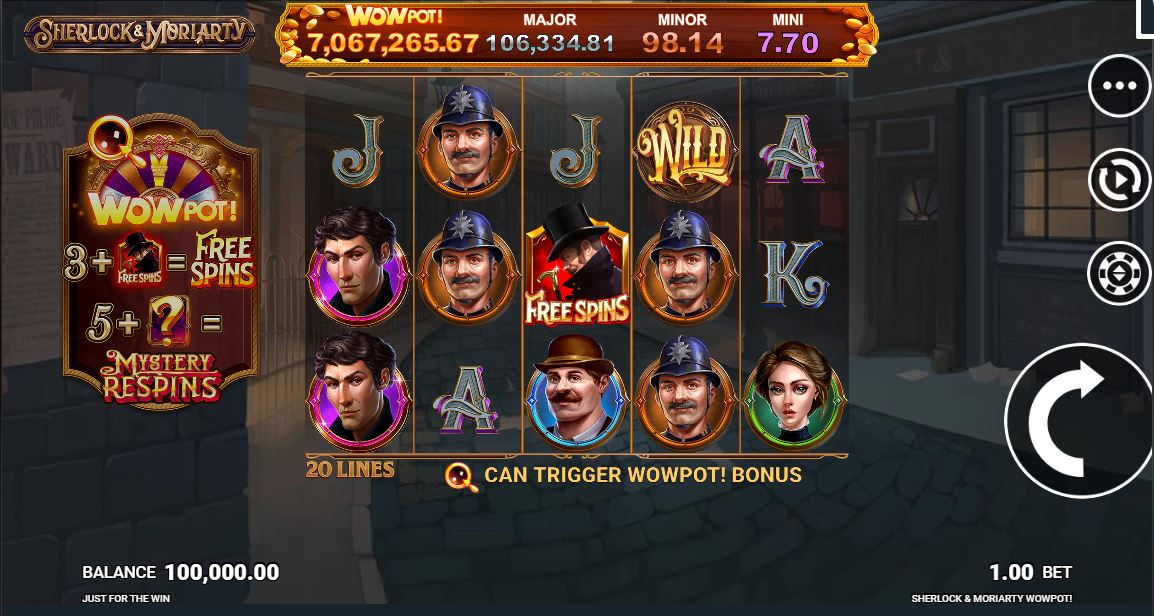 Sherlock and Moriarty Wowpot Game play 1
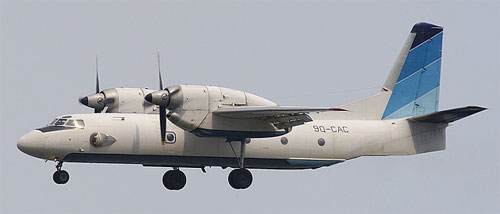 Aircraft similar to the one which crashed (Antonov AN-32)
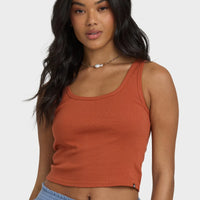 BILLABONG GODDESS KNIT TANK - SEDONA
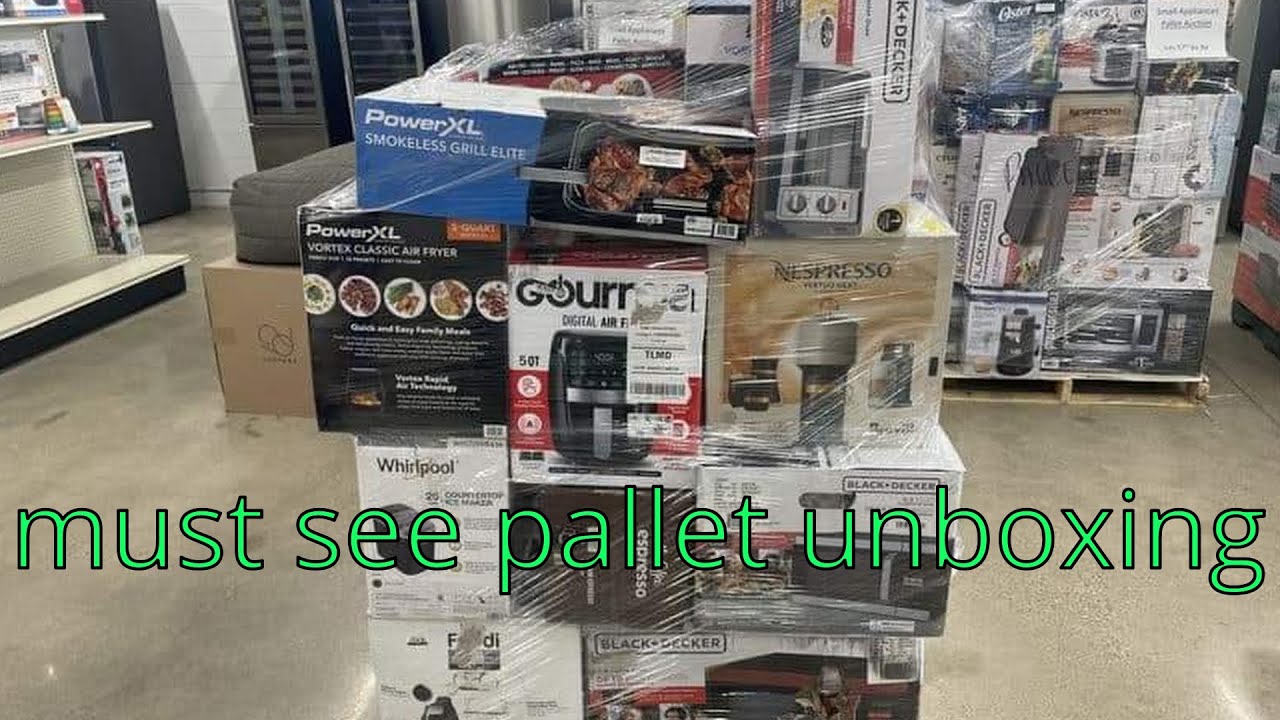 epic pallet unboxing part 2 - YouTube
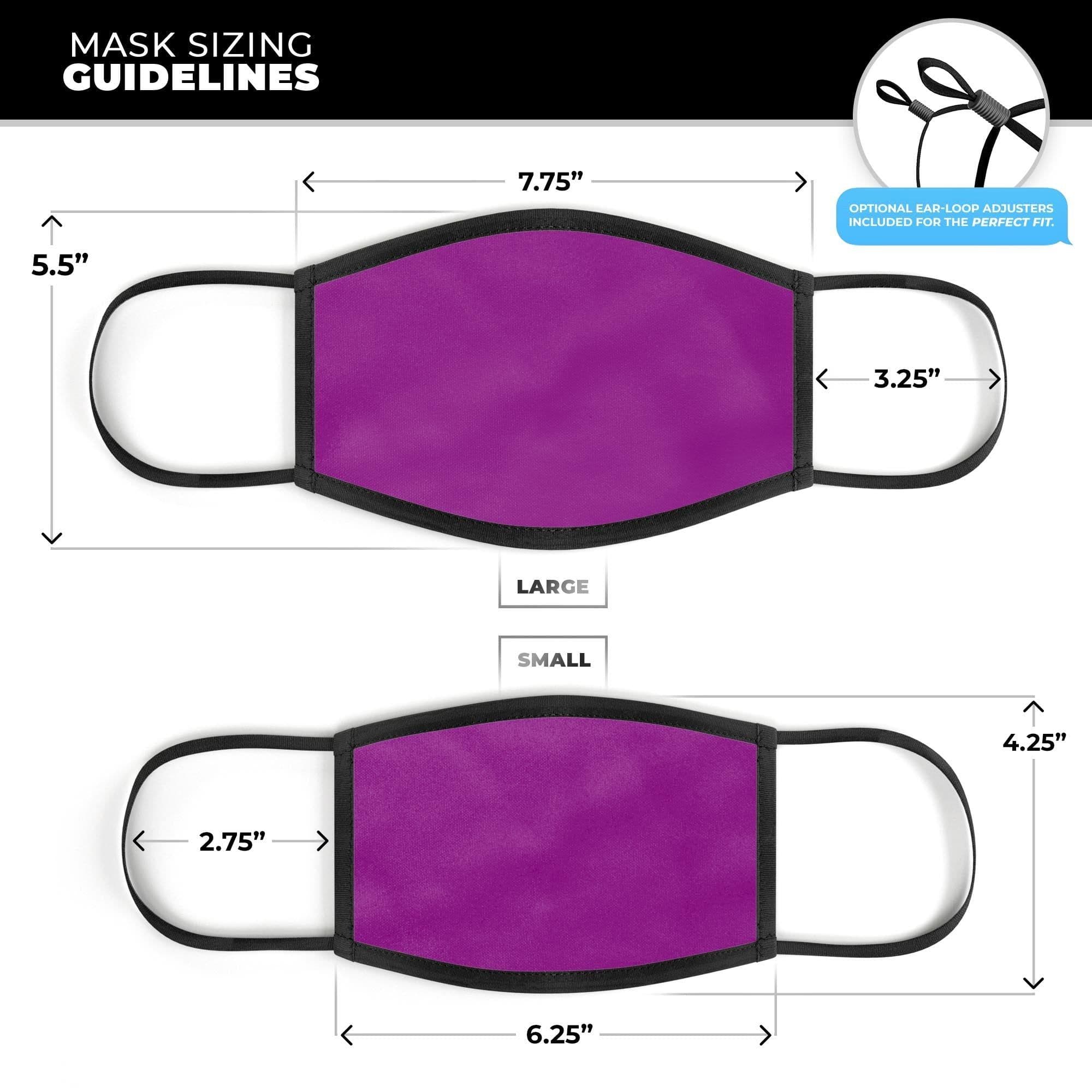 image-Solid Dark Purple - Made in USA Mouth Cover Unisex Anti-Dust Cotton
########
§ WHAT IS BEING ASKED
Please write out every record above exactly, but leave the pictures out.

§ EXERCISE OUTPUT
 Sherlock and Moriarty Wowpot Game play 1
 Aircraft similar to the one which crashed (Antonov AN-32)
 BILLABONG GODDESS KNIT TANK - SEDONA
 epic pallet unboxing part 2 - YouTube
 image-Solid Dark Purple - Made in USA Mouth Cover Unisex Anti-Dust Cotton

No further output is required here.